Comparison, honestly

If you want 30-language editor-session indexing with a bundled binary and file watchers, CodeGraph is excellent and more mature. gitatlas is for the git-shaped half of the problem: a commit-pinned graph that CI, cloud agents, and whole teams can share, with token cost as a first-class metric. Small repo, small tool, deliberately boring internals.

Limitations (honest ones)

  • Name-based linking. References resolve by identifier name, not full type resolution — same-named symbols each receive edges.
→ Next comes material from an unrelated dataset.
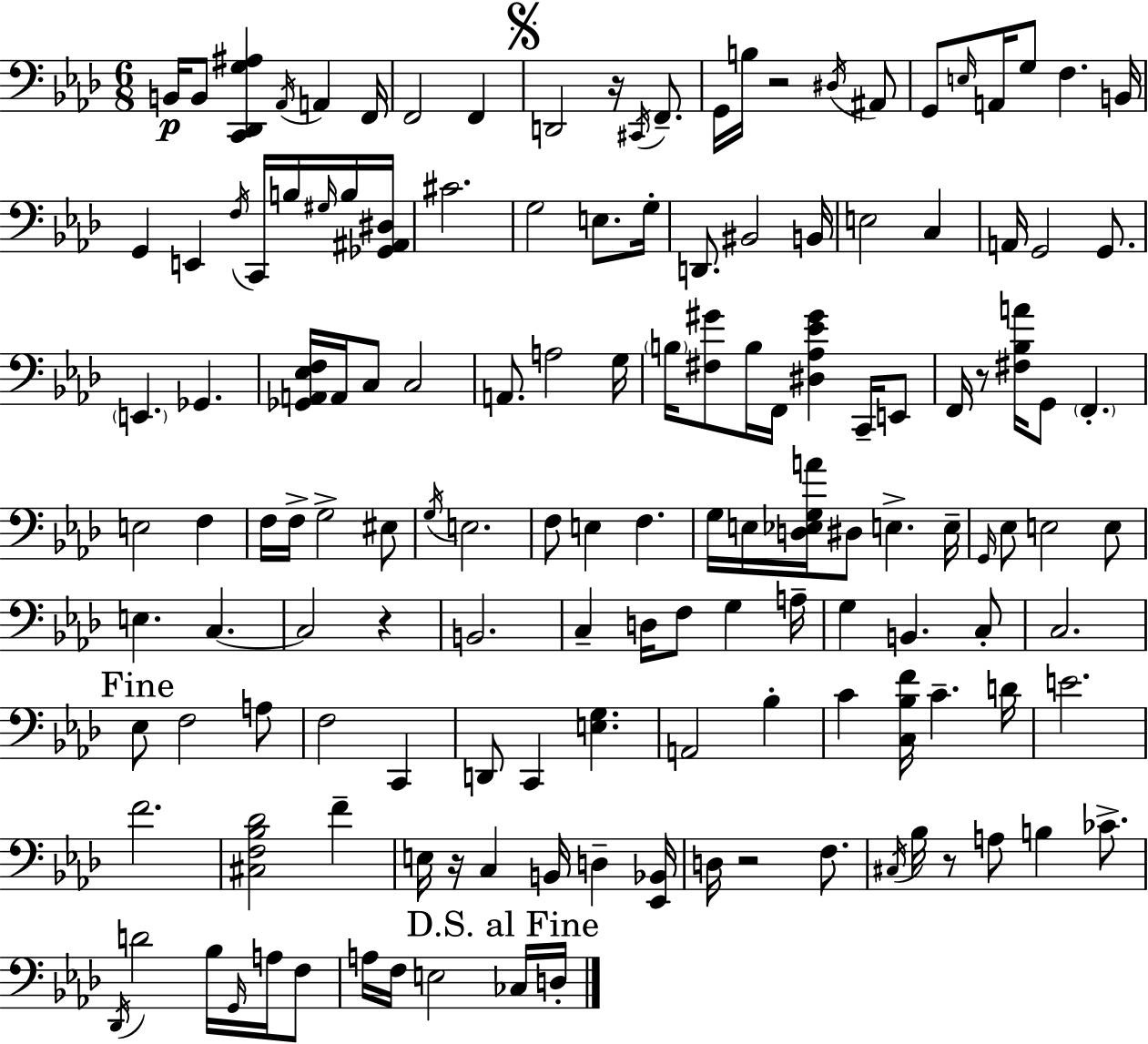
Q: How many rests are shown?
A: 7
SCIP-precision resolution is the top roadmap item.
  • Dynamic dispatch, reflection, and metaprogramming are invisible, as in every static index.
  • who_calls on an interface returns implementors and users together (edge kinds are stored but not yet filterable).

Roadmap

  • [ ] PR blast-radius GitHub Action (impact analysis as a PR comment)
  • [ ] Graph-by-SHA caching in CI: build once, distribute to the team
  • [ ] SCIP/LSP-based precise symbol resolution
  • [ ] Graph time-travel: query the graph at any commit; semantic changelogs
  • [ ] Embedding fusion for true-synonym queries (paraphrases already work via subtokens)
  • [ ] More languages (Go, Rust, C#, Ruby)

Contributing

Issues and PRs welcome. src/indexer/ (tree-sitter extraction), src/graph/ (SQLite store, ranking, formatting), src/mcp/ (server), src/cli.ts. npm run build then node dist/cli.js index --root <some-repo> is the whole dev loop.